Review: Ken Loach's 'I, Daniel Blake' Starring Dave Johns and Hayley Squires

Ken Loach’s new film I, Daniel Blake tells the story of Daniel (Dave Johns), an older man struggling to claim his unemployment allowance after a heart attack puts him out of work. While on paper this sounds like a rather straightforward dramatic story, Mr. Loach’s brilliant script and no-frills direction elevate it to be a truly inspiring emotional experience. When you go to see a big 3D blockbuster, for example, the visuals pull you in and overwhelm you. You reach out and become a part of the spectacle. With I, Daniel Blake, it’s the emotional power behind the purely human story you’re watching that grips you just as hard. You want to reach out and engage in the humanity of the scenes you’re watching. In the simplest terms, I, Daniel Blake is emotional 3D.

The film follows Daniel and his struggle, pulling relatable humor from his repeated attempts to follow the rules and fill out the right form, or wait in the right line, or call the right number. Like a stand-up comedy act, Blake finds relatable little things to chuckle at in the universal annoyances we’ve all faced when seeking help: the annoying music they play when you’re on hold on a phone call or the endless questionnaires in emergency waiting rooms. Though Daniel is increasingly worn down by the seemingly endless red tape he has to go around to get the help he needs, his humor, compassion, and optimism never die. It is this grounded and lovely display of the human spirit that make the film so inspiring.

The story is told in a grounded, ambling sort of way. There isn’t so much a conventional “plot” as there is a series of events that occur in the life of this unextraordinary man. We see his interactions with his young neighbors, and the cross-generational friendship he’s formed with them, despite their annoying-neighbor habits of ordering packages to his address, or letting their garbage pile up outside. We join him as he learns how to finally use a computer, laughing with him, never at him as he struggles to process the rapidly advancing technological world. We see the friendships he’s formed with virtual strangers, office workers, and homeless people on the sidewalk beside him. While this is all as mundane as it sounds, it’s also never boring, which is part of the film’s brilliance. These casual, simple connections between people have such a quietly beautiful quality to them, and I, Daniel Blake celebrates this full force. In this sense it reminded me of Jim Jarmusch’s Paterson, a similarly realistic meditation on the beauty of everyday life that blew me away last year. Obviously, both films do take some steps to simplify the world for the sake of accurately dramatizing this sort of average life experience, but the emotional realism in both cases is not the least bit compromised.

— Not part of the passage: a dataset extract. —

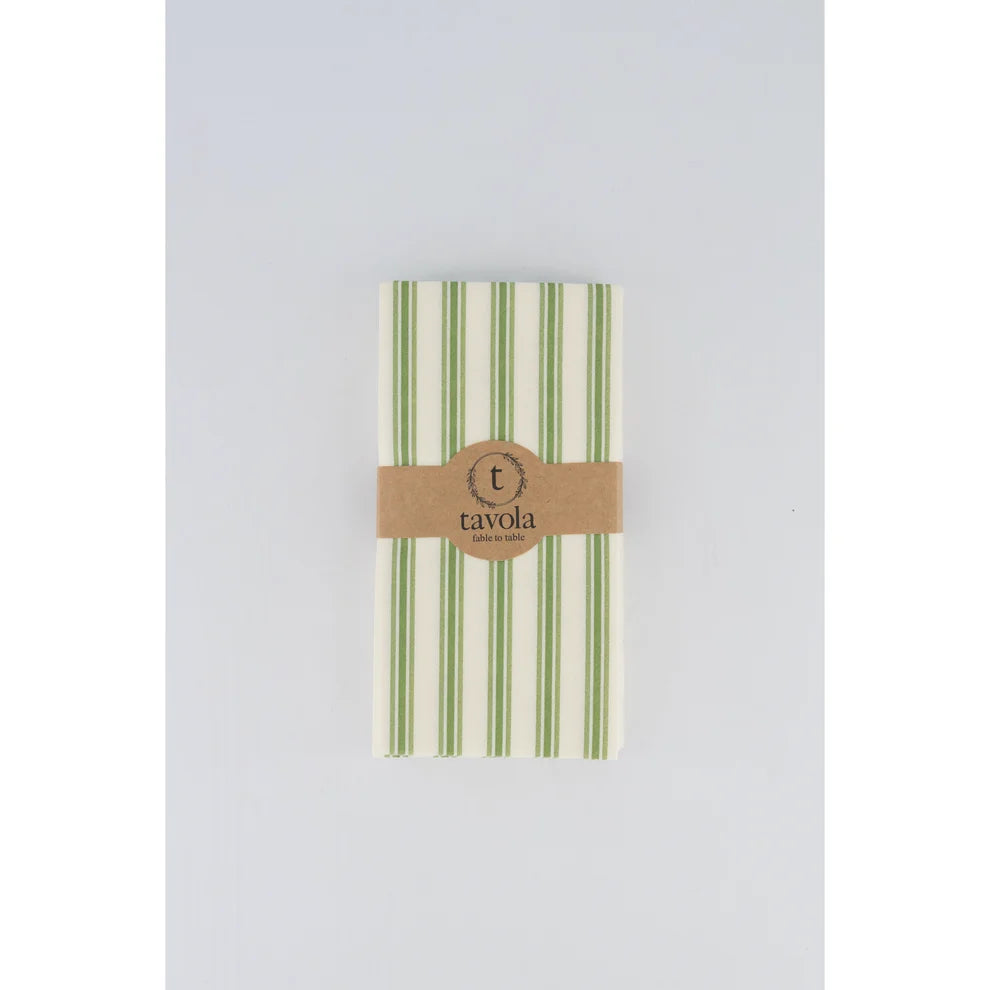 Tavola Biodegradable Slim napkins - Cream & Green Thin Stripe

The most poignant aspect of the film, however, has to be the unusual friendship formed between Daniel and struggling single mother Katie (Hayley Squires) and her two children. There is such a deep and genuine love and compassion that these characters all display to each other at a moment in their lives where they truly need it the most. Loach is careful in his portrayal of these people to never become exploitative of the inherent dramatic intensity of their troubles. They are presented as fully realized people, suffering under conditions outside of their control, who care for each other more than words can say. What was most fascinating to me about the film was that while the heavy and tragic moments these characters experience are truly heartbreaking and powerful, it was the quiet moments of tenderness between this unconventional family that had me close to tears. This movie excellently dramatizes what it is to love unconditionally, and it is truly touching.

Ultimately though, I, Daniel Blake is a political film. It has something to say about the flaws in government aid programs and the societal prejudice faced by those who need it. While it is specifically commenting on the nature of these systems in its native UK, the broad strokes point it makes is universally accessible and well-articulated. That is to say it will leave audiences debating and questioning where they sit on the controversial topic. The brilliance in this, however, once again lies in the purely human nature of the film and its protagonist. Over the course of the movie, you grow to love Daniel just as much as his community does. He grows to care for Katie and want what’s best for her and her children. Your heart is so warmed by the time the film starts making its statement that it could quite honestly talk about any controversial topic it wanted to and audiences would still be on board. Coupling that with the film’s respectful portrayal of the suffering caused by the issue, and you’re left with a very heartfelt spotlight on a troubling topic as opposed to a propaganda piece.

Overall, I, Daniel Blake is an utterly beautiful experience. Its writing, acting, direction and message are all expertly handled, with an infectious heart and humor that make it truly stand out.